Great comment here from Michael Campbell, about the “freebies” discussion that was kicked off by Rob Koci two weeks ago…
“Doing freebies is risky, especially for new contractors with minimal experience trying to create a client base: My advice is be careful. Extra work done free of charge is not recoverable at tax time unless it is for charitable purposes.
Several years ago while renovating a pizza shop in Sydney, Nova Scotia we completing finish work inside – installing cabinets and work stations in the kitchen. Unknown to me as supervisor, the client had asked the carpenters to install additional shelving made from off-cuts from sheet goods used in the millwork. She thought the request was minimal and should be free. When I questioned the lead carpenter about this, he told me about the request. I then reminded him and the crew that client requests for extra work not in the contract were to be referred to me for consideration/pricing and or approval.
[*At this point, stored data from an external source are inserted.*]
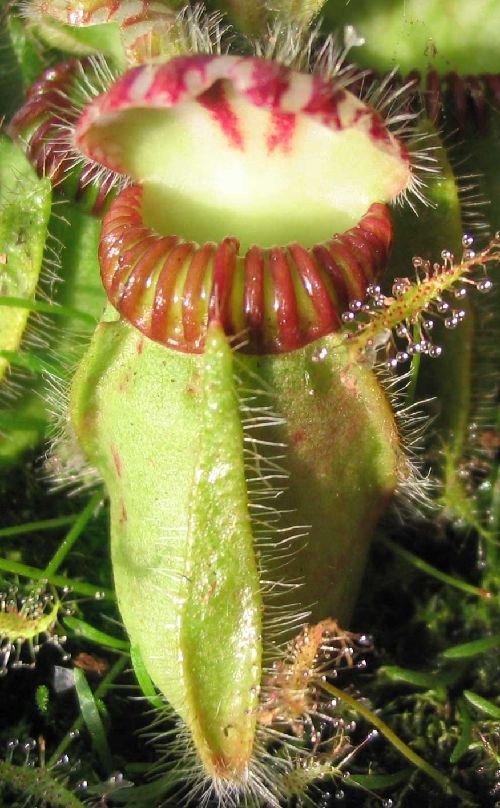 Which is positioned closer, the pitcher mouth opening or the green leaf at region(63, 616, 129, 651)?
the pitcher mouth opening

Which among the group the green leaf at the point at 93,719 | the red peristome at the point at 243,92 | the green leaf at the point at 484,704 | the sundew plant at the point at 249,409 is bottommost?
the green leaf at the point at 93,719

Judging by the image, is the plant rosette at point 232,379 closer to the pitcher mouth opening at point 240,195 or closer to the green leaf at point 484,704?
the pitcher mouth opening at point 240,195

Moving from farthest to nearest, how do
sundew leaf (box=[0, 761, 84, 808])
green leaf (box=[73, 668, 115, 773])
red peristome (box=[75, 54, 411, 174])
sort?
green leaf (box=[73, 668, 115, 773]) < sundew leaf (box=[0, 761, 84, 808]) < red peristome (box=[75, 54, 411, 174])

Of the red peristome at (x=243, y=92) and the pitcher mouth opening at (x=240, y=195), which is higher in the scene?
the red peristome at (x=243, y=92)

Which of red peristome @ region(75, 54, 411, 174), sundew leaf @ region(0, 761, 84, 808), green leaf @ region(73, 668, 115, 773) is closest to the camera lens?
red peristome @ region(75, 54, 411, 174)

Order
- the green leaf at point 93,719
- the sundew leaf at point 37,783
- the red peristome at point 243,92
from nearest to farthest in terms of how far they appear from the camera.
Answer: the red peristome at point 243,92
the sundew leaf at point 37,783
the green leaf at point 93,719

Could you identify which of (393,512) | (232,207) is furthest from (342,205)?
(393,512)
The client arrived on the job the next day and once again picked up small pieces of plywood and asked the carpenters to make shelving for pizza boxes. The carpenter then referred the client to me as instructed.
I spoke to the client who once again wanted the work at no charge. Attempting to protect my company’s interests and to help the client understand, I respectfully offered the following as explanation for additional costs. After her restaurant opened for business, I asked her, and I ordered a pizza with extra cheese, could I get the extra cheese at no charge? She replied, “Certainly not, everyone knows cheese is very expensive.” I replied, “True, cheese is expensive. And extra shelving is like extra cheese to me.”